Professor Yu Bai from Monash University’s Department of Civil Engineering will lead an interdisciplinary team from seven Australian universities to develop a one-of-a-kind facility centred on structural assembly and construction automation. It will feature a flexible, adaptive design, with space for a team of collaborative robotics in an interactive environment to achieve automated prefabrication, assembly and building.

The outcomes are expected to transform the current labour-intensive construction industry to one that uses highly automated and accurate prefabrication processes, with significant benefits to the economy and worker safety. Professor Bai said many industries, such as manufacturing and transport, had adopted automated practices to speed up, optimise, and economise production. However, the construction industry was lagging behind, failing to take advantage of such technological advancements.

“Robotic technology has made significant progress in a number of industry domains in the last several years and construction can benefit from this advancement,” Professor Bai said. “The use of robotic technology can be a game-changing step as seen in other industries such as aerospace and automobile engineering.

“It means the transformation of on-site prototype construction to made-to-measure structural production and the elevation of prefabrication and off-site manufacturing into automated processes. Furthermore, automating traditional construction approaches can remove workers’ exposure to unsafe tasks and hazardous work environments.”

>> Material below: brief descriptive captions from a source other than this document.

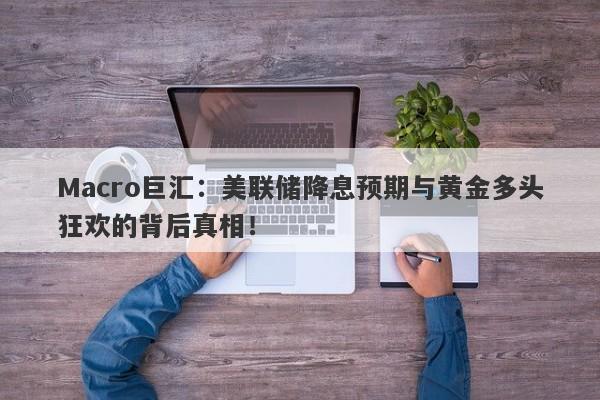 Macro巨汇：美联储降息预期与黄金多头狂欢的背后真相！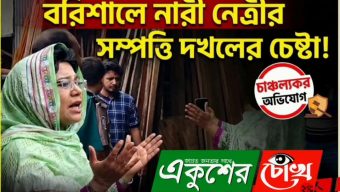বরিশালে নারী নেত্রীর সম্পত্তি দখলের চেষ্টা, বহিরাগতদের নিয়ে হামলার অভিযোগ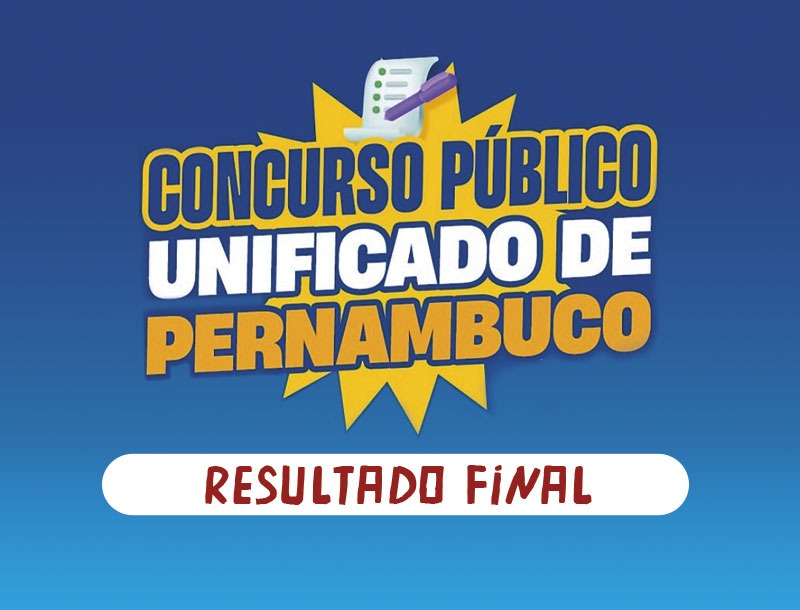 Governo do Estado divulga resultado definitivo das provas objetivas e discursivas do Concurso Público Unificado de Pernambuco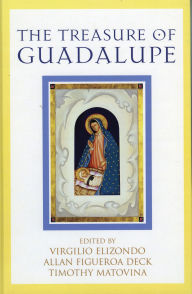 Title: The Treasure of Guadalupe, Author: Timothy Matovina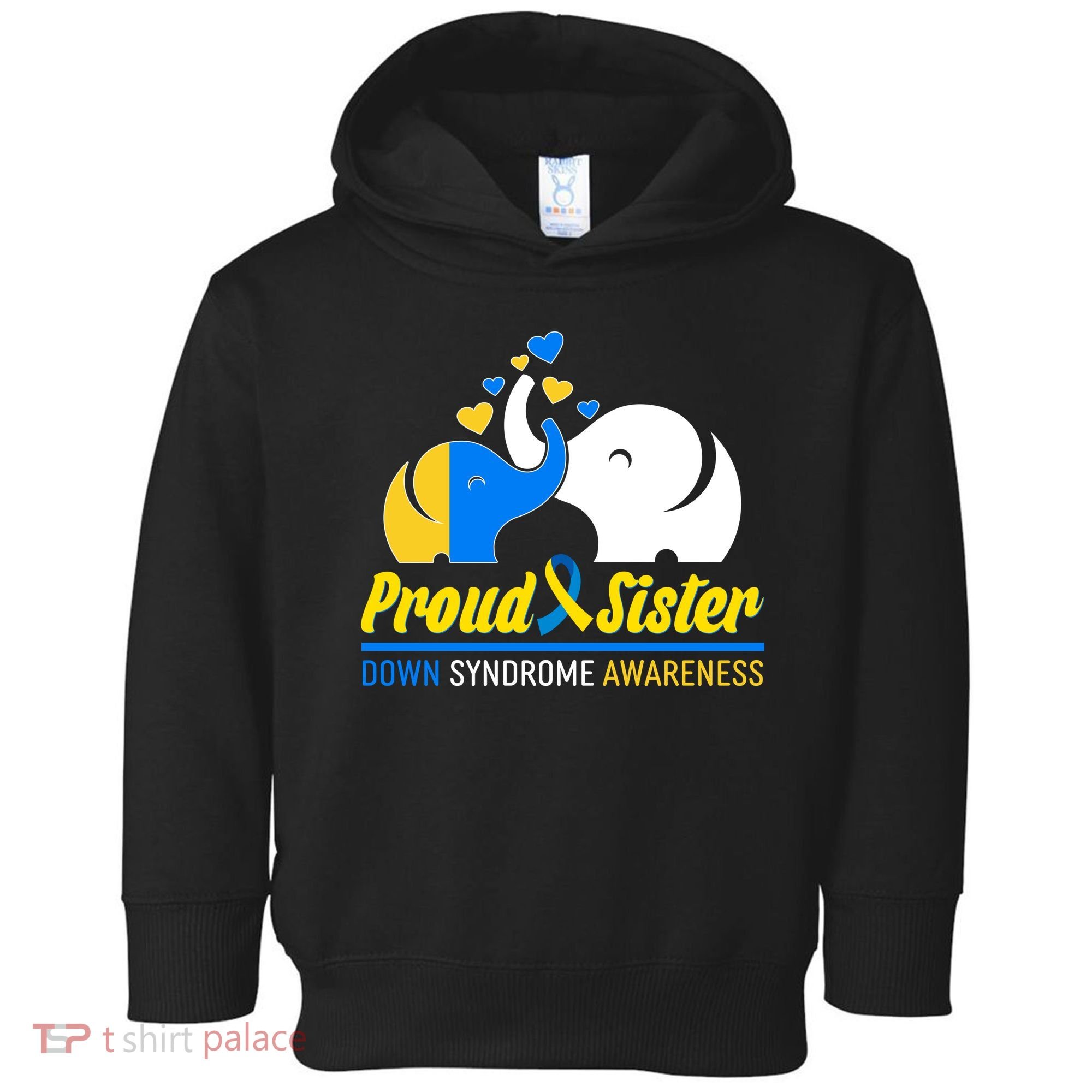 Proud Sister Down Syndrome Awareness Elephants Toddler Hoodie
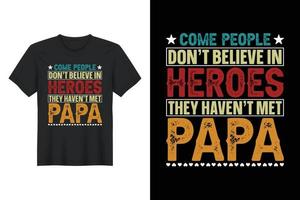 vieni, le persone non credono negli eroi, non hanno incontrato papà, design t-shirt, design t-shirt per la festa del papà vettore
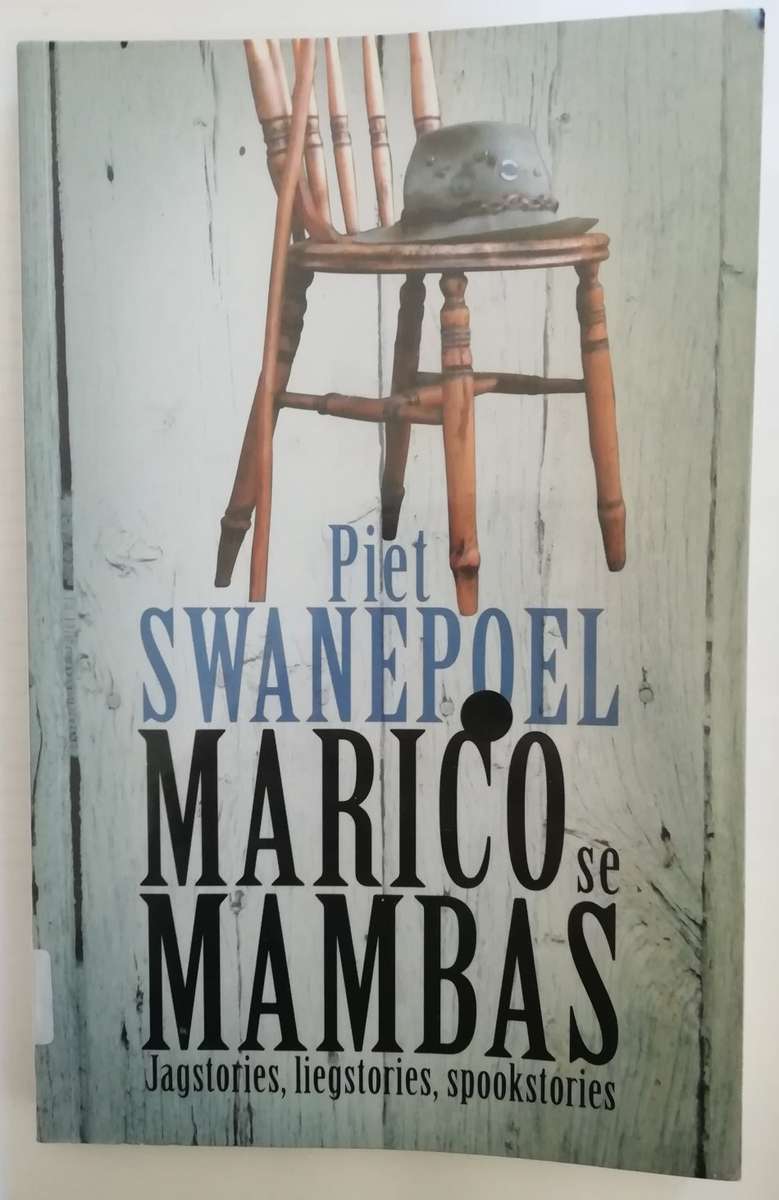 Marico se Mambas (Jagstories, liegstories, spookstories) deur Piet Swanepoel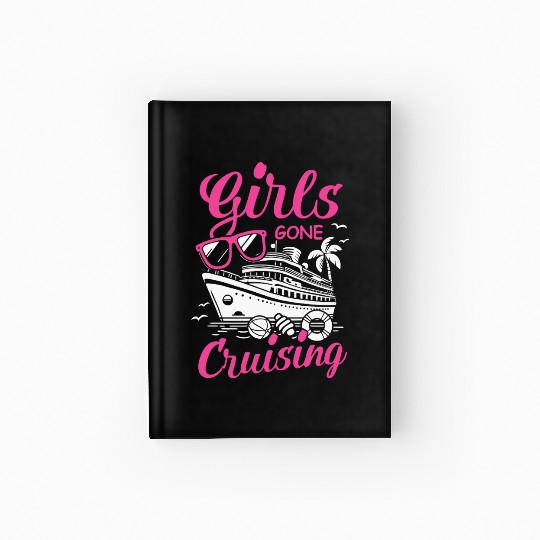 Girls Gone Cruising Funny Pink Cruise Trip Hardcover Journal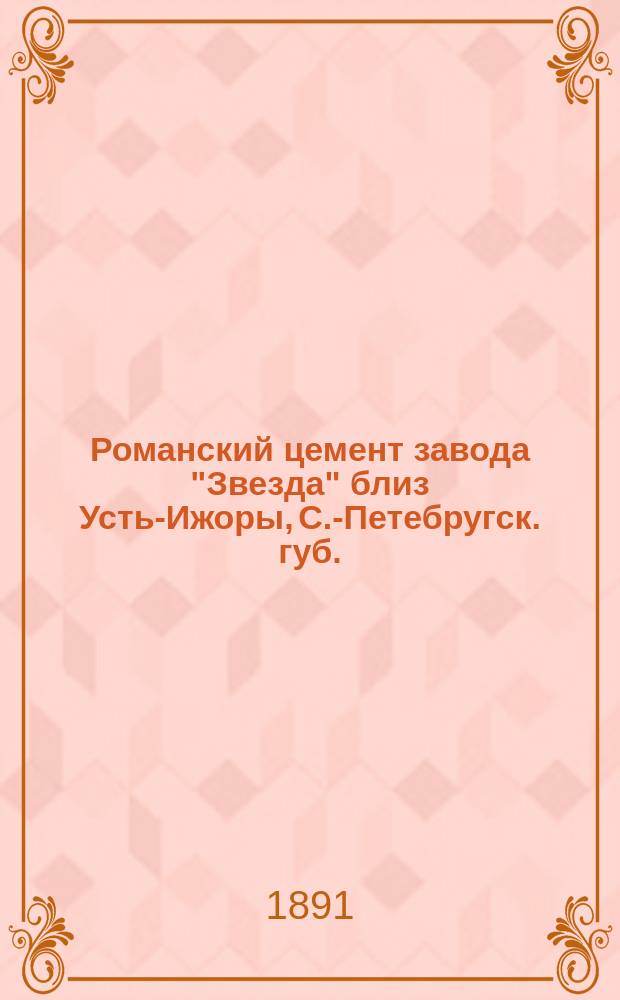 Романский цемент завода "Звезда" близ Усть-Ижоры, С.-Петебругск. губ.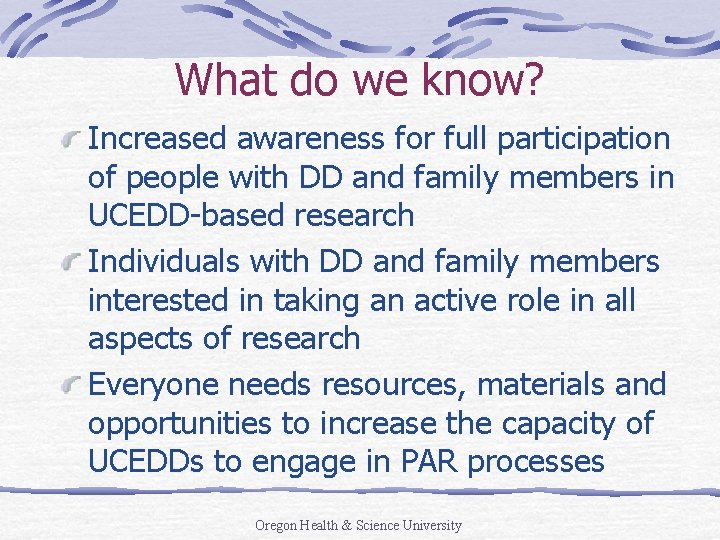 What do we know? Increased awareness for full participation of people with DD and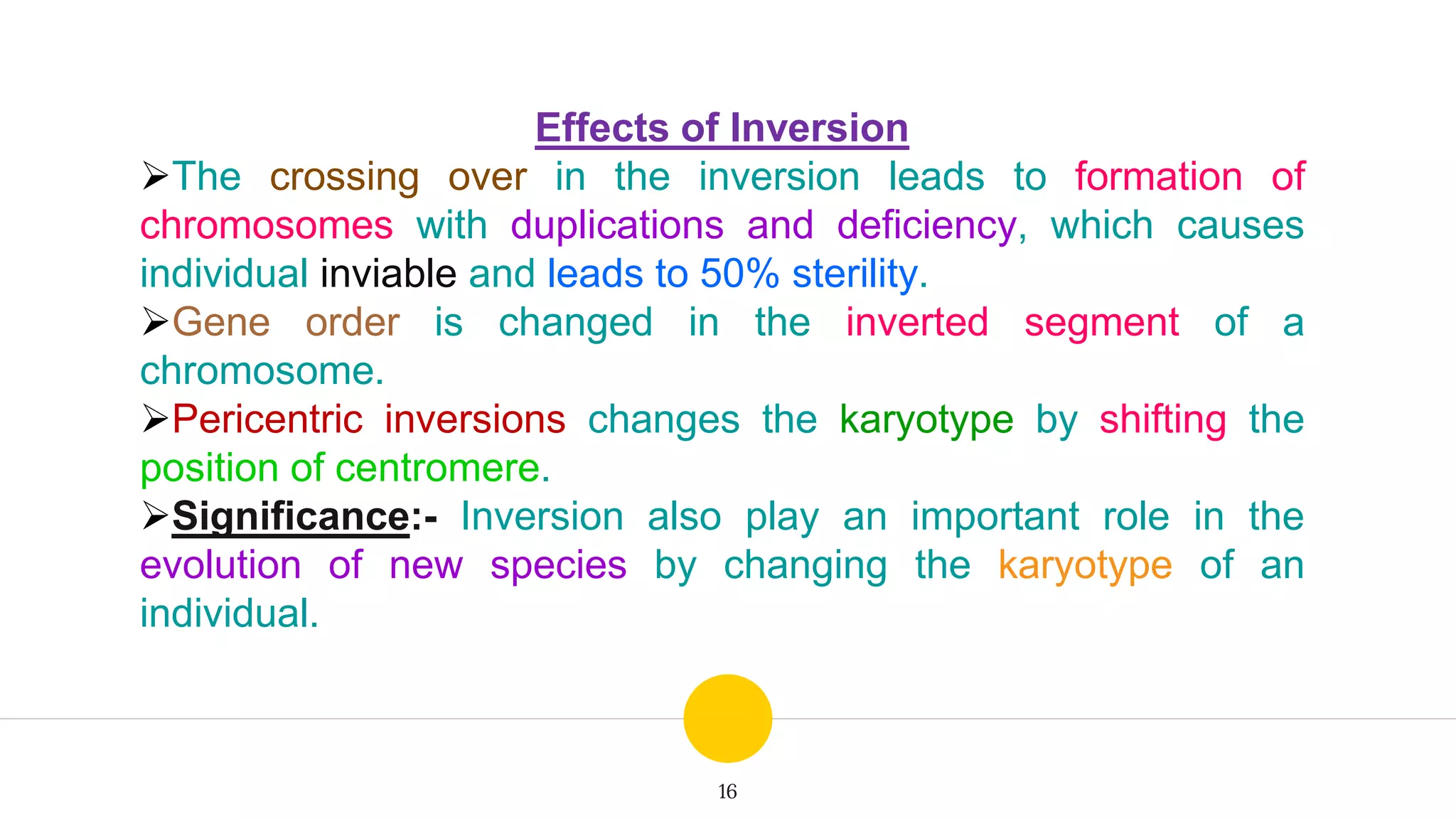 16
Effects of Inversion
The crossing over in the inversion leads to formation of
chromosomes with duplications and deficiency, which causes
individual inviable and leads to 50% sterility.
Gene order is changed in the inverted segment of a
chromosome.
Pericentric inversions changes the karyotype by shifting the
position of centromere.
Significance:- Inversion also play an important role in the
evolution of new species by changing the karyotype of an
individual.
 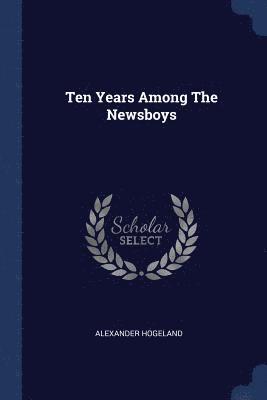 Ten Years Among The Newsboys 1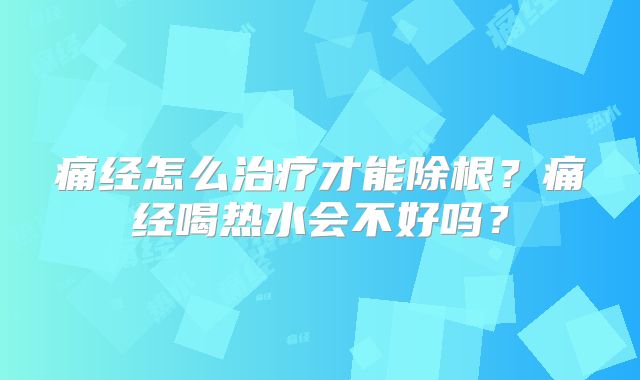 痛经怎么治疗才能除根？痛经喝热水会不好吗？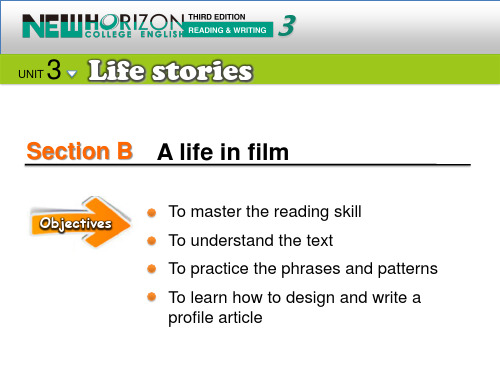 新视野大学英语(第三版)读写教程BookIII-Unit3-Section B-A life in film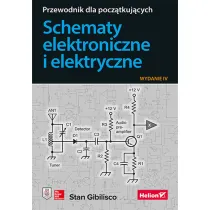 Schematy elektroniczne i elektryczne. Przewodnik dla pocz�tkuj�cych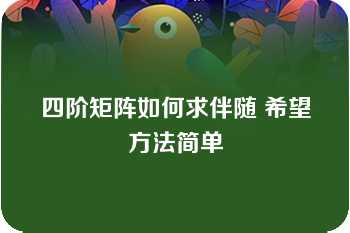 四阶矩阵如何求伴随 希望方法简单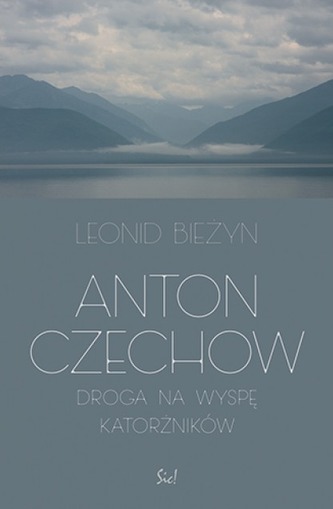 ANTON CZECHOW DROGA NA WYSPĘ KATORŻNIKÓW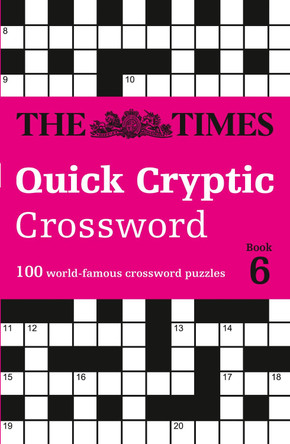 The Times Quick Cryptic Crossword Book 6: 100 world-famous crossword puzzles (The Times Crosswords) by The Times Mind Games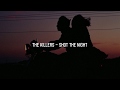 The killers - Shot at the night // Traducida al español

The new facility builds upon extensive research by Professor Bai and colleagues on modular construction and composites for construction. When combined with robotic technology, this can result in faster, more precise, lower-cost and higher-quality production outcomes. The facility will cover structural design for manufacturing and assembly, lightweight structural materials and connections, construction planning and safety, sensing and monitoring, building information modelling and digital asset management, optimisation of structures and assembly, automation and informatics, and robotic systems and human-robot interaction.

The initiative was made possible through a grant from the Federal Government’s Linkage, Infrastructure, Equipment and Facilities (LIEF) program.

“We’re grateful to the Australia Government’s LIEF program for its support behind our vision to benefit the building industry so it is safer for workers, more environmentally sustainable and, above all, more affordable for consumers,” Professor Bai said.